[THE PROBLEM]: Only the lines in the entries below from the line with "Book Tote Embroidered Canvas Small - Image 2" to the line with "Alternative view of", both included, belong in the answer, transcribed exactly and without pictures.

[RECORDS SUPPLIED]:
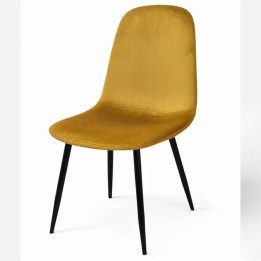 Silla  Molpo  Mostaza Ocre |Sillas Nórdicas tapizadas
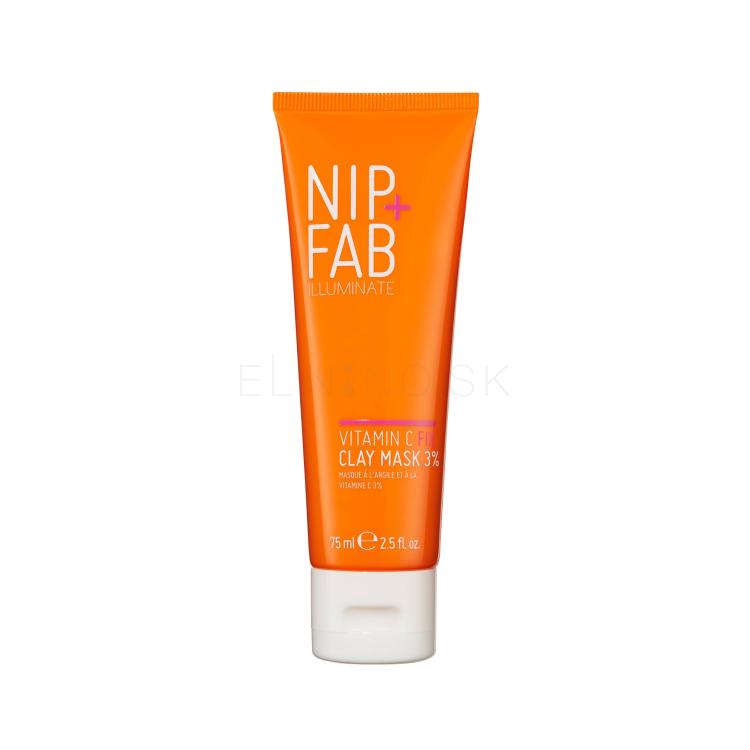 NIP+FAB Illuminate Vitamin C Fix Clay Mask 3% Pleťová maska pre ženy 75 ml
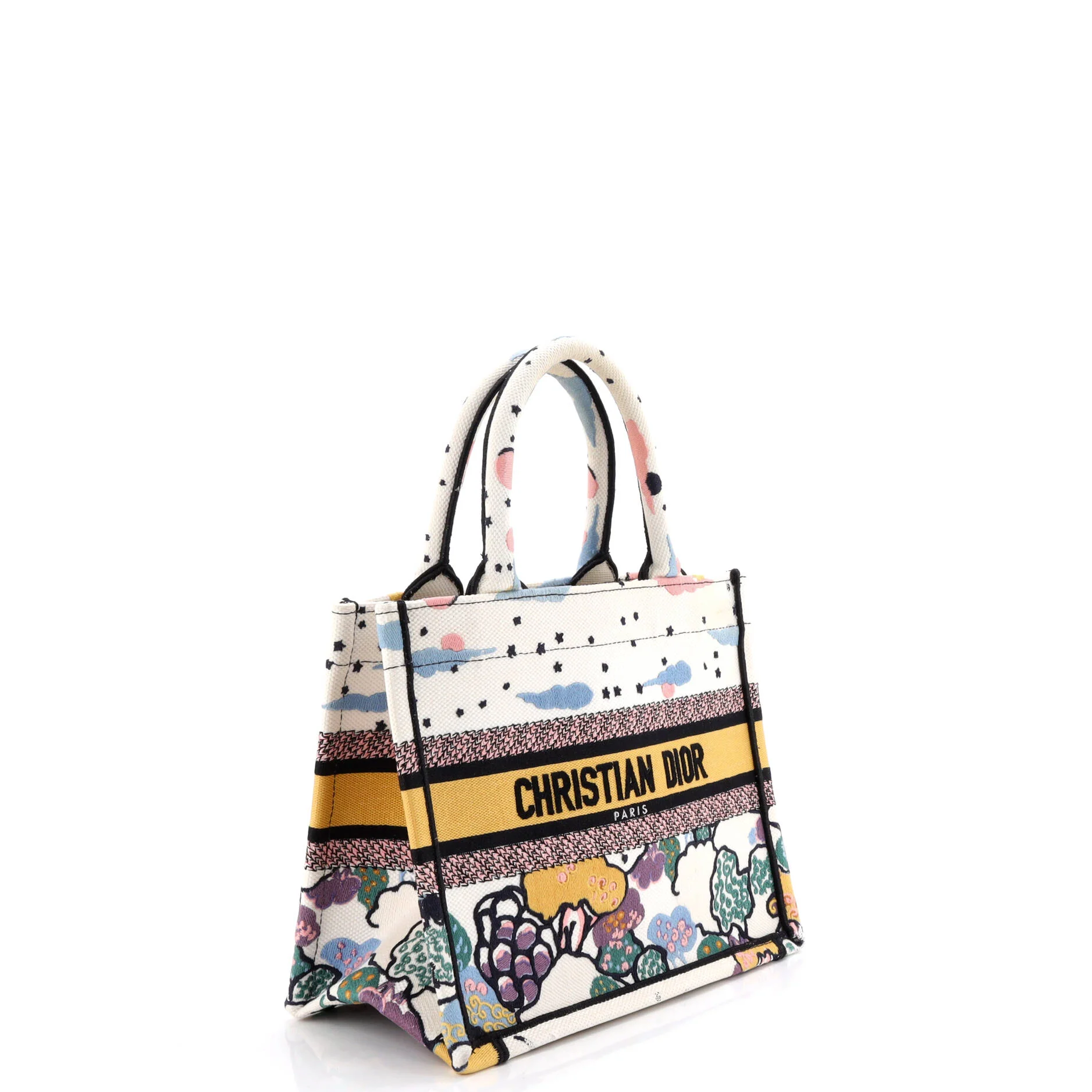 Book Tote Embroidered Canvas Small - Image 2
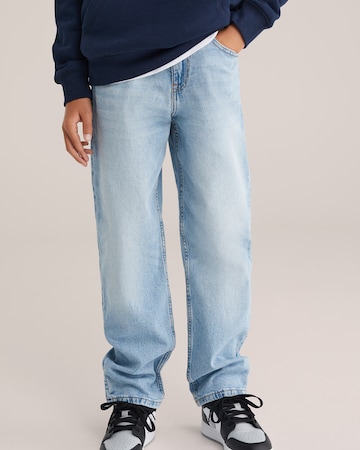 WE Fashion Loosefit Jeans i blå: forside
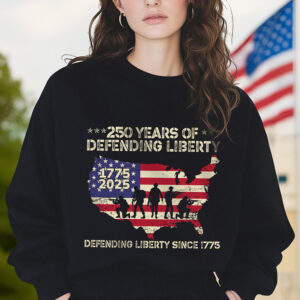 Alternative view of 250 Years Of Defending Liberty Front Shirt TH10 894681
==
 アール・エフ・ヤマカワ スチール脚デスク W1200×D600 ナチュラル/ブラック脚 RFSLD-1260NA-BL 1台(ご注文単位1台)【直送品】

[REPLY TO THE EXERCISE]:
 Book Tote Embroidered Canvas Small - Image 2
 WE Fashion Loosefit Jeans i blå: forside
 Alternative view of 250 Years Of Defending Liberty Front Shirt TH10 894681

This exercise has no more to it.